Medellín, the second fiddle of Colombia, now beckoned me in person. Was this to be the homeland of Pablo Escobar, or the land of the eternal spring (as it was called) writ large? One thing I knew while still in Cartagena was that it was about a dozen or so hours away, with nowhere in between to break up the trip. Crap. With no shortage of reservations I had broken down to take the dreaded night bus.
Otherwise only a few different options had been available, not necessarily with the better bus companies. I was in no mood for a long, uncomfortable ride - I wanted a good bus. Off I went into the night then... and a horror show unfolded, naturally. Shortly after leaving, I found myself reaffirming my broken pledge to avoid these sovereigns of the night, hell-bent-on-wheels hellions that nightly proved themselves threatening to all in their path.
It was the bus's plushy inside that had me most concerned to start, however. I always trusted in the self-preservation instinct of the driver to save me from without (a false security, of a surety, but what else had you?) Shortly upon departure, I quickly found the bus so cold I was shivering. That was continued even after huddled into a ball, then thoughout the journey as I stayed on the verge of falling off my seat. The bus, meanwhile, hurtled forth for-e-ver. M-o-o-o-o-om-m-m-m-y!
In retrospect, the ten or eleven hours I guessed the journey to take was better than the thirteen hours it had been advertised to be. THAT had probably accounted for the relentless swerving around obstacles, come to think of it. At one stop, I ventured to ask the driver if he could make the bus less cold at least... to which he replied that the heat was on. Say what? Indeed, a stop at 4a.m. had me walking out into the frigid mountain air, now found only a little colder than inside the bus. Soon couldn't be soon enough to find us in Medellín.
Upon arriving in Medellín at 6:30am, however, the air outside had turned pleasant, probably in the mid-60s (Fahrenheit.) This was more like it. 'Eternal spring' was sounding both good and true in short order, as the thermostat moved up further to a very agreeable temperature.
From the station I immediately took the railed metro (unique to Colombia) to a decent hostel, even as the preferred ones in the Lonely Planet guidebook had fallen through when I had called ahead. I was now getting into the very highest of high season between Christmas and New Year's, after all.

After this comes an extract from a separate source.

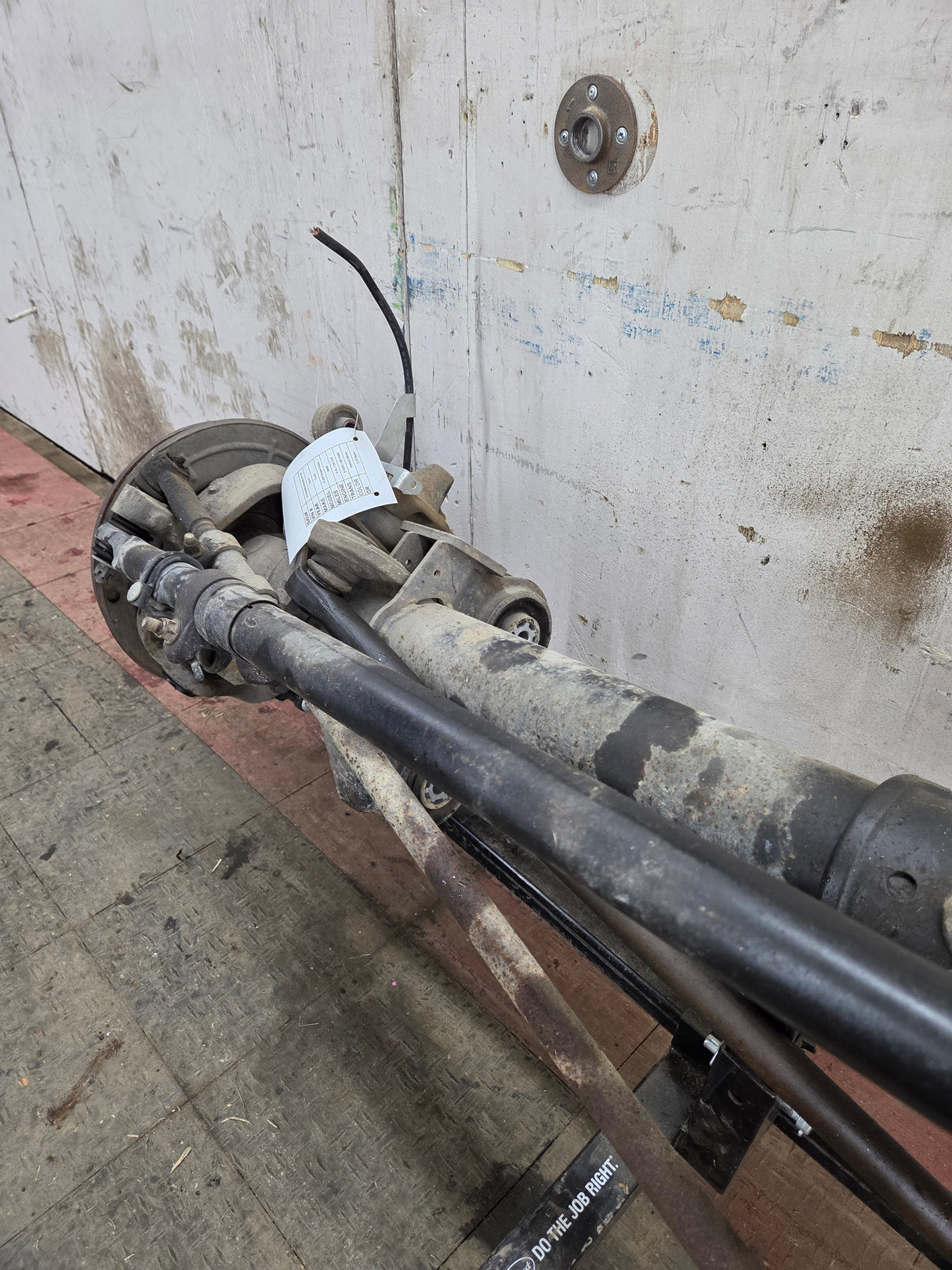 2008-2010 Ford Super Duty F250 F350 FRONT Axle 3.73 SRW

My new home - Hostal Medellín at the Metro's Suramerica stop - proved a good home base in any event, even if I right away determined to find more space in a room with fewer beds. That's not what I'd have to start, and it wouldn't happen courtesy of the season, either. Stuck for the present, I was long past realizing that I couldn't do two trips at the same time, anyway, both being a tourist and productive with the trumpet and writing. The frustration now had risen uncomfortably high, not being presented with other options beyond spending a healthy chunk of money for my own room in high season.
Considering my competing desires of touring the "new" of a place, or settling in to get some things accomplished, I had been finding that the one seemed to preclude the other. The tourist always seemed to win because of opportunity: "When will I be here again?" was the omnipresent query. This consistently was the state of mind I put myself into concerning the energy put forth in terms of both the daily and weekly schedule. Although I was looking to pick a spot to hole up in, both currently or for later living in Colombia, I realized that Medellín wouldn't be the place. Not that it would be without its charms, it'd just be "no" to the prospect of sticking around too long.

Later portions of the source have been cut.